The intense pressures of improving efficiency, driving down costs, improving patient outcomes and generally doing more with less means healthcare organizations today face perhaps their toughest challenges. But I think the concept of ‘doing more with less’ is inherently flawed. It is imperative to do more, more effectively, with less. Quality matters. When efficiency programs focus solely on removing cost in a process, or speeding things, quality often suffers. Technology is a critical area of focus that healthcare organizations must embrace in order to realize the returns of truly becoming efficient, improving quality, and evolving the programs to offer greater value.
BYOD is an acronym we have all heard for a while now. For some organizations, bring-your-own-device is an opportunity to remove capital expense and improve the user experience (because the technology most people choose as a personal device is of higher quality and greater functionality than corporately supplied hardware).

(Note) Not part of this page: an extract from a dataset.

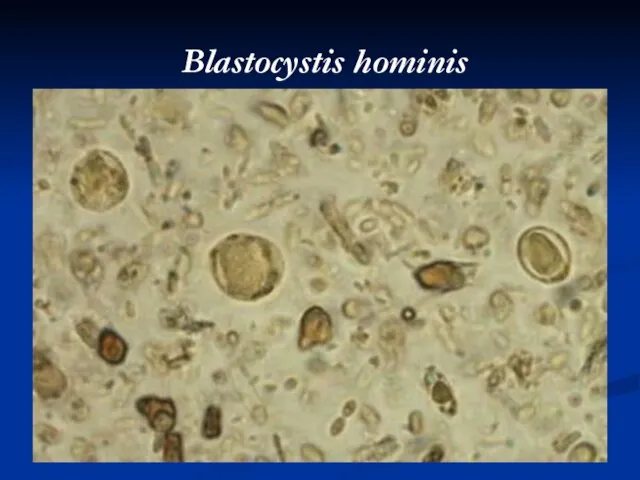 Blastocystis hominis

For BYOD to work successfully, the basic network architecture, usually a robust wireless LAN, must provide ubiquitous network coverage and support a range of devices. Security is often cited as a primary concern in this space, and vendors of content management and mobile device management solutions propose controlling a BYOD device the same as any other device accessing the corporate network. The real challenge healthcare faces, however, is turning smartphones and tablets into healthcare-centric devices so that their functionality makes them a viable tool for the healthcare professional.
A device must be capable of:
- Accessing and editing electronic patient records, in real time, in a secure and traceable manner
- Integration and communication with other HL7-enabled devices and systems
- Providing a communication platform that allows multiple care providers to communicate collaboratively in a secure and traceable environment
- Receiving and escalating patient test results quickly
- Integration into clinical alarming systems
BYOD policies and mobility strategies need to consider how devices will be leveraged to actually improve communication between clinicians and other stakeholders and be able to provide:
- Increased mobility: Information (including clinical alarms) must be available and accessible at the right time, for the right person, on the right device
- Streamlined information access: The ability for critical information such as test results to be visible quickly for the providers who need it
- Improved patient care: The digitization of forms that were previously on paper so that caregivers can collaborate based on the most updated information
- Collaboration: A BYOD policy is pointless if devices cannot pass and access information securely; your platform should offer compliance tracking, security, and access to knowledge references and patient information
- Improved productivity: Your strategy has to focus on reducing the manual workload of managing patient information in order to increase the time caregivers spend with patients
The question of what types of systems and information a mobile device must have access to should also be addressed. A device must be capable of accessing and working with:
- Drug reference guides
- On-call scheduling
- Secure communications platform
- Electronic patient records and information
- Directory services
- Critical test results management
- Alarms and notifications from clinical systems
The ideal scenario is that a mobility strategy containing a BYOD policy also looks at the underlying communications platform and the integration of every clinical and non-clinical system. The goal is to optimize not the device, but the workflow. This is how healthcare organizations can truly realize the benefits of doing more, more effectively, with less.